OCR Pipeline Structure
An OCR pipeline using ONNX Runtime on iOS generally follows these steps:
- Text region detection on the full image (Detection)
- Character recognition for each detected region (Recognition)
- Reading order estimation and text assembly
Detection runs once on the entire image. Recognition, however, runs once per detected region. When the number of regions is large, recognition dominates the total processing time.
The Problem with Sequential Processing
Running recognition in a simple for loop means processing time scales linearly with the number of regions.
for det in detections {
let rect = CGRect(x: max(0, det.box[0]), y: max(0, det.box[1]),
width: max(1, det.box[2] - det.box[0]),
height: max(1, det.box[3] - det.box[1]))
if let cropped = image.cropping(to: rect) {
_ = try recognizer.recognize(image: cropped)
}
}
For an image with 98 detected regions, at roughly 80ms per region, the total comes to about 8 seconds.
Parallelizing with withThrowingTaskGroup
Swift Concurrency’s withThrowingTaskGroup allows running recognition for each region concurrently.
let results = try await withThrowingTaskGroup(of: (Int, String).self) { group in
for i in 0..<detections.count {
let box = detections[i].box
let cropRect = CGRect(
x: max(0, box[0]),
y: max(0, box[1]),
width: max(1, box[2] - box[0]),
height: max(1, box[3] - box[1])
)
guard let cropped = image.cropping(to: cropRect) else { continue }
group.addTask {
let text = try recognizer.recognize(image: cropped)
return (i, text)
}
}
var texts: [(Int, String)] = []
for try await result in group {
texts.append(result)
}
return texts
}
for (i, text) in results {
recognized[i].text = text
}
Each task returns its result with the original index, so ordering is preserved regardless of completion order.
Benchmark Results
The following measurements compare sequential and parallel recognition on the iOS Simulator.

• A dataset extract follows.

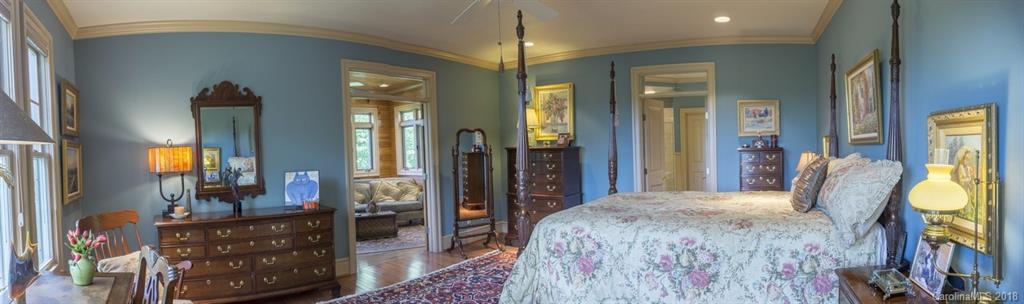 293 Chestnut Farms Lane Burnsville NC 28714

Classical Text (Genji Monogatari, 6642x4990px, 21 regions)
Source: University of Tokyo Digital Archive — Genji Monogatari
| Method | Time |
|---|---|
| Sequential | 4.55s |
| Parallel | 3.24s |
| Speedup | 1.4x |
Modern Printed Text (NDL Digital Collection, 6890x4706px, 98 regions)

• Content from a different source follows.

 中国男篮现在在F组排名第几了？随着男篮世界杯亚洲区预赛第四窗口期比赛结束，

Source: National Diet Library Digital Collections
| Method | Time |
|---|---|
| Sequential | 7.59s |
| Parallel | 1.13s |
| Speedup | 6.7x |
Why the Speedup Varies
The difference in speedup between 21 regions and 98 regions comes down to concurrency overhead.
Swift Concurrency’s Cooperative Thread Pool automatically limits the number of concurrent threads to the CPU core count. ONNX Runtime sessions use internal locking, so when multiple tasks attempt inference simultaneously, lock contention occurs.
With fewer regions (21), the overhead from lock contention is proportionally larger, limiting the speedup to 1.4x. With more regions (98), the pipeline can saturate the available cores effectively, yielding a 6.7x speedup.
Because withThrowingTaskGroup relies on the Swift runtime to manage concurrency, there is no risk of thread explosion.
Note
All measurements above were taken on the iOS Simulator. Performance on a physical device may differ.